How to format your references using the Journal of Environmental Economics and Policy citation style

This is a short guide how to format citations and the bibliography in a manuscript for Journal of Environmental Economics and Policy. For a complete guide how to prepare your manuscript refer to the journal's instructions to authors.

Using reference management software

Typically you don't format your citations and bibliography by hand. The easiest way is to use a reference manager:

PaperpileThe citation style is built in and you can choose it in Settings > Citation Style or Paperpile > Citation Style in Google Docs.
EndNoteDownload the output style file
Mendeley, Zotero, Papers, and othersThe style is either built in or you can download a CSL file that is supported by most references management programs.
BibTeXBibTeX syles are usually part of a LaTeX template.
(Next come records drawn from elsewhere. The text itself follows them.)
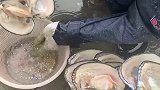 养殖了八年的珍珠蚌壳，大哥逐个打开以后，我才知道什么叫惊艳！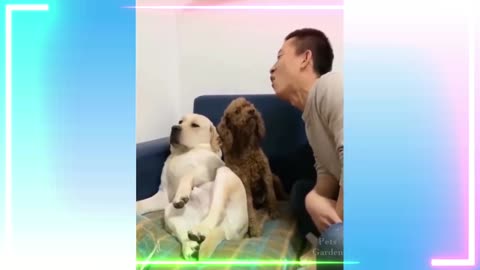 Funny dog short video.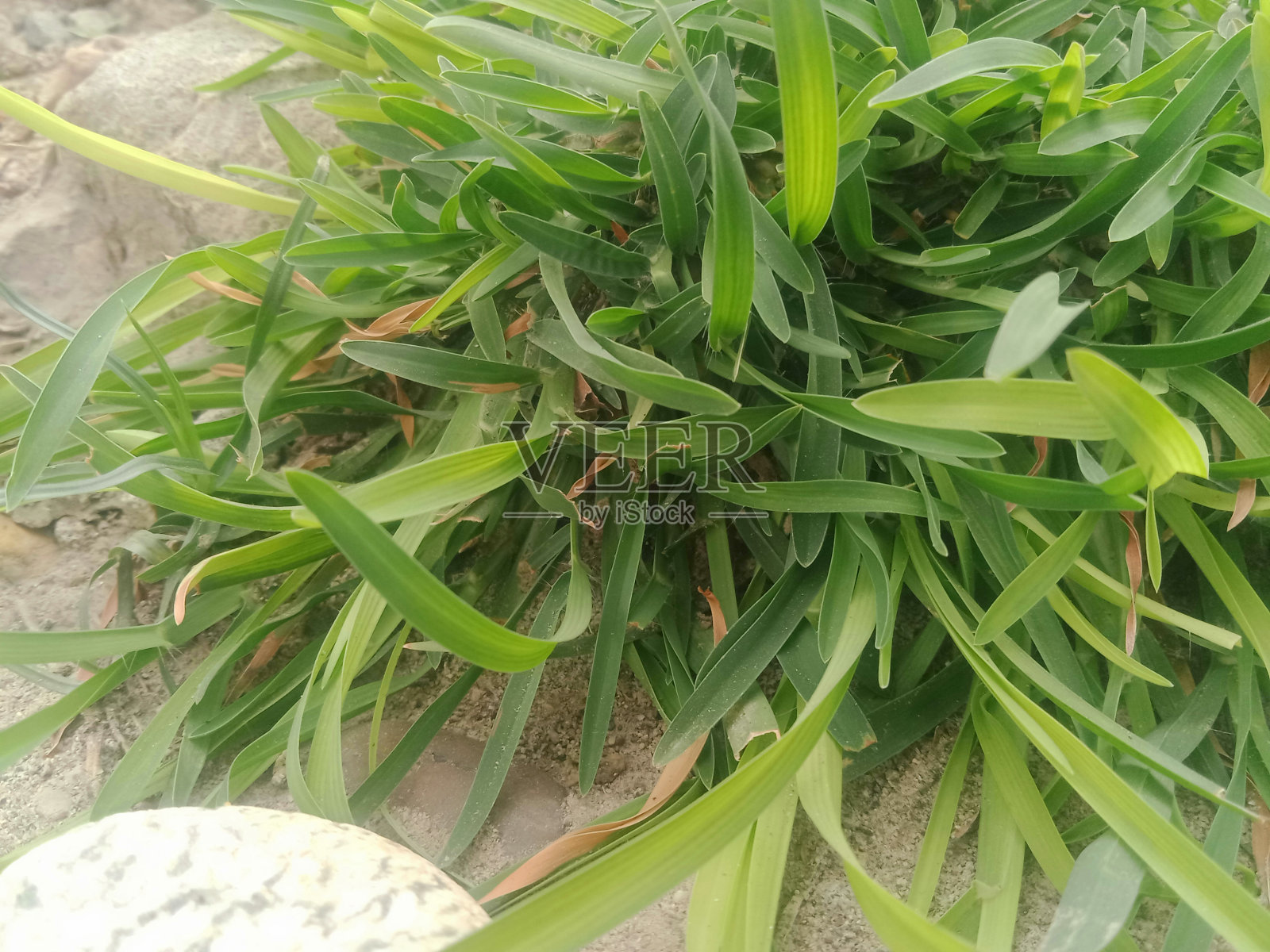 绿草特写田野背景。照片摄影图片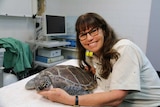 Taronga Zoo nursing injured marine animals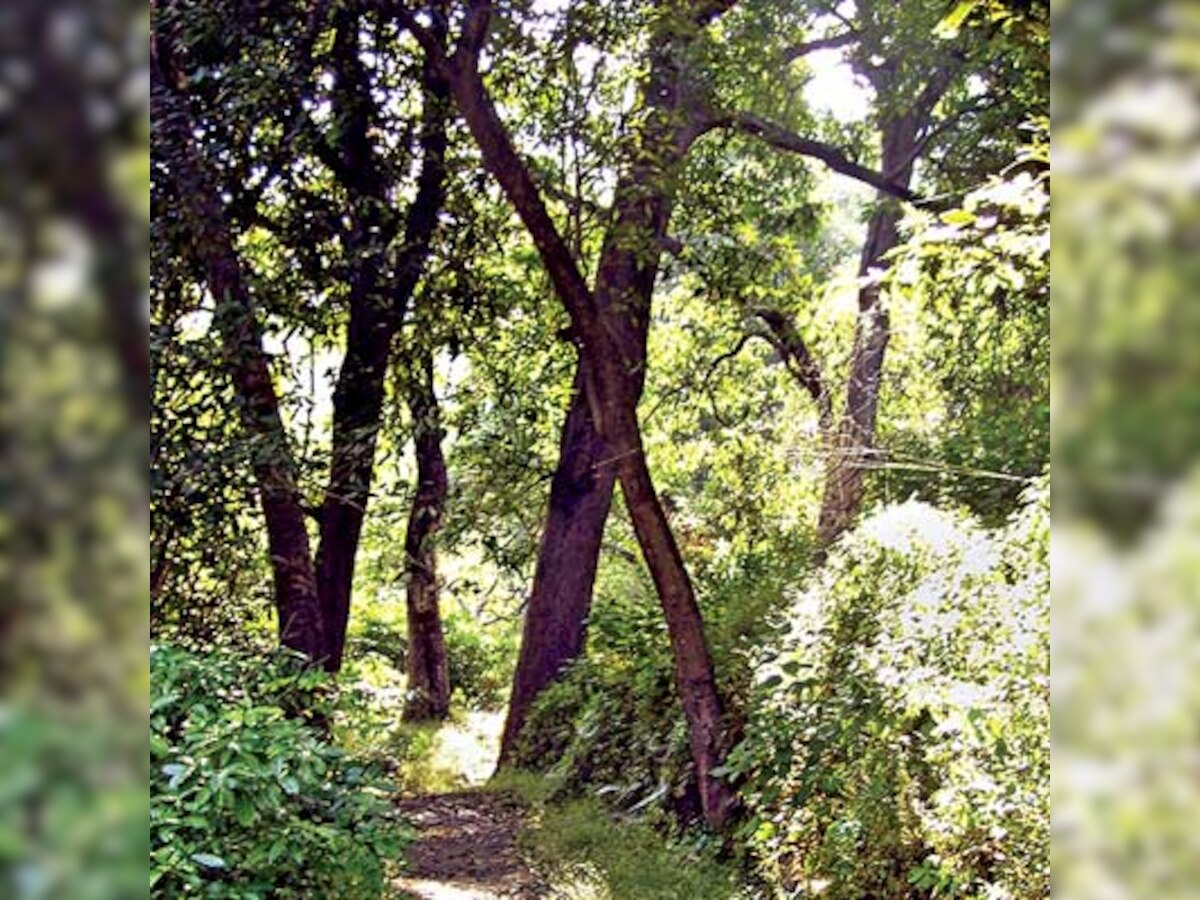 Tripura government clears proposal denotifying 12.4 km forest land to build railways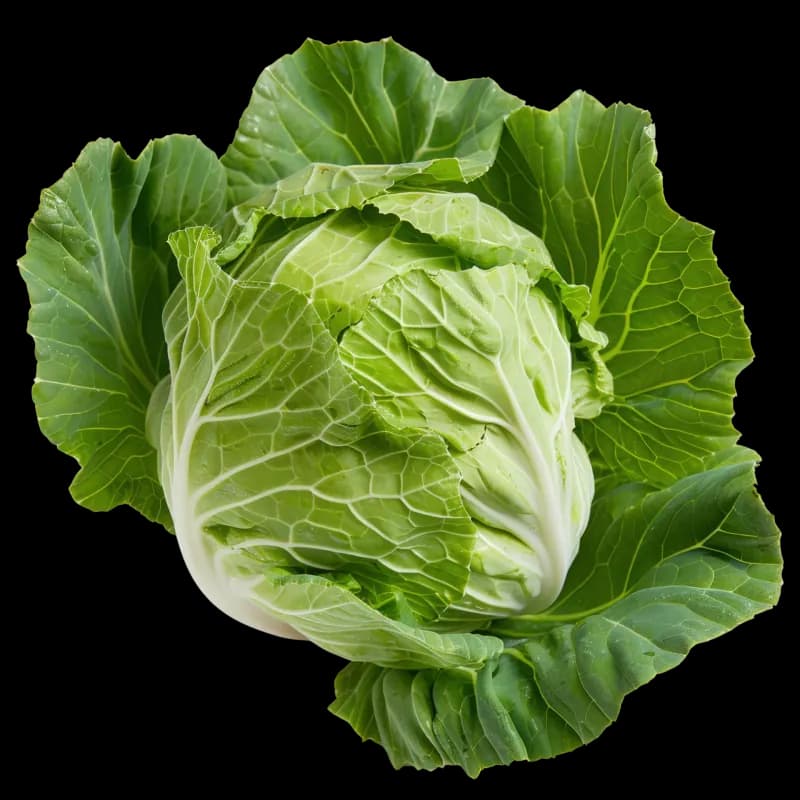 Beli kupus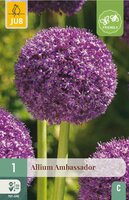 Allium ambassador 1 bol - afbeelding 4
Check the instructions to authors if the publisher offers a LaTeX template for this journal.

Journal articles

Those examples are references to articles in scholarly journals and how they are supposed to appear in your bibliography.

Not all journals organize their published articles in volumes and issues, so these fields are optional. Some electronic journals do not provide a page range, but instead list an article identifier. In a case like this it's safe to use the article identifier instead of the page range.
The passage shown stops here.